This component was relatively easy to identify in multi-component spectra, with both its narrow hyperfine separation (2Azz = 30.9 G) and its narrow line width (2.2 G for the low-field peak). Most αIIΔR1 spectra, except spectra 39 – 46, clearly consisted of this component (Fig 4). We referred to this component as Component I. We subtracted the L9R1 spectrum from spectra 10 – 47, guided by its distinct sharp line and narrow hyperfine separation, until the sharp signals were removed. Under-subtraction showed spectra with reduced sharp signals, and over-subtraction showed distorted spectra. Subtractions for spectra 39 – 46 resulted in spectral distortion indicating that these spectra contained only insignificant amounts of Component I.

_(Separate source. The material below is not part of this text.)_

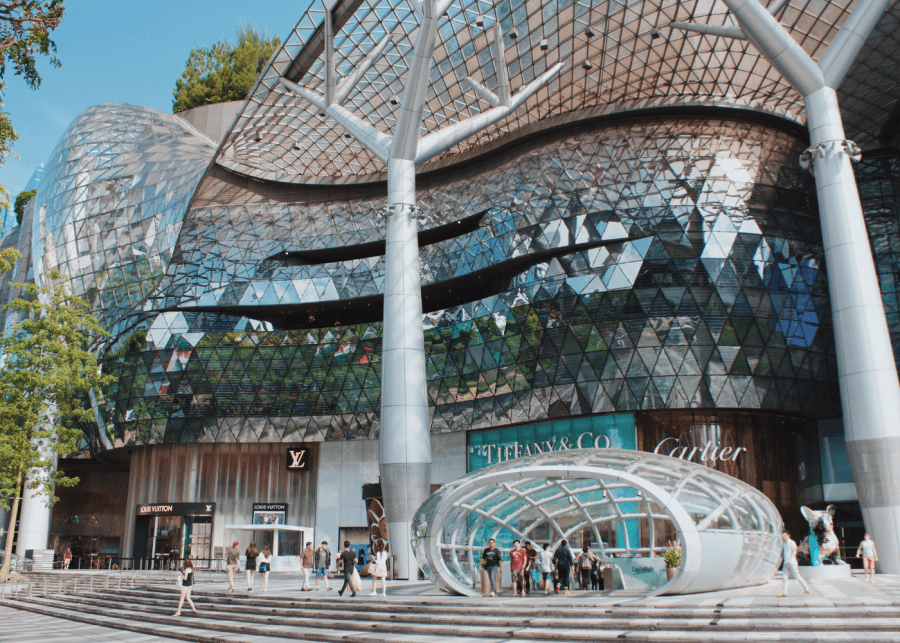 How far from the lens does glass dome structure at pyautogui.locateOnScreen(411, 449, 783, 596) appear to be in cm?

Spectra 39 – 46, particularly spectrum 46, showed substantial amounts of a strongly immobilized component, with a large hyperfine separation (2Azz = 67.6 G). We simulated the spectrum of Y46R1 with two components and obtained an excellent fit (Fig 4). For the slower component, we used the following magnetic tensor values gxx = 2.0077, gyy = 2.0059, gzz = 2.0022; Axx = 5.5., Ayy = 5.6, Azz = 35.5 (48), and we fixed rbar = 6.50 or τc = 53 ns; c20 = 5.50 or S20 = 0.80, and varied only gib0 and N. The values of gib0 = 3.79 and N = 0.58 gave the best fitted spectrum. The parameters for the faster component were gib0 = 0.01; rbar = 7.63 or τc = 3.91 ns; c20 = 1.14 or S20 = 0.32; N = 0.39.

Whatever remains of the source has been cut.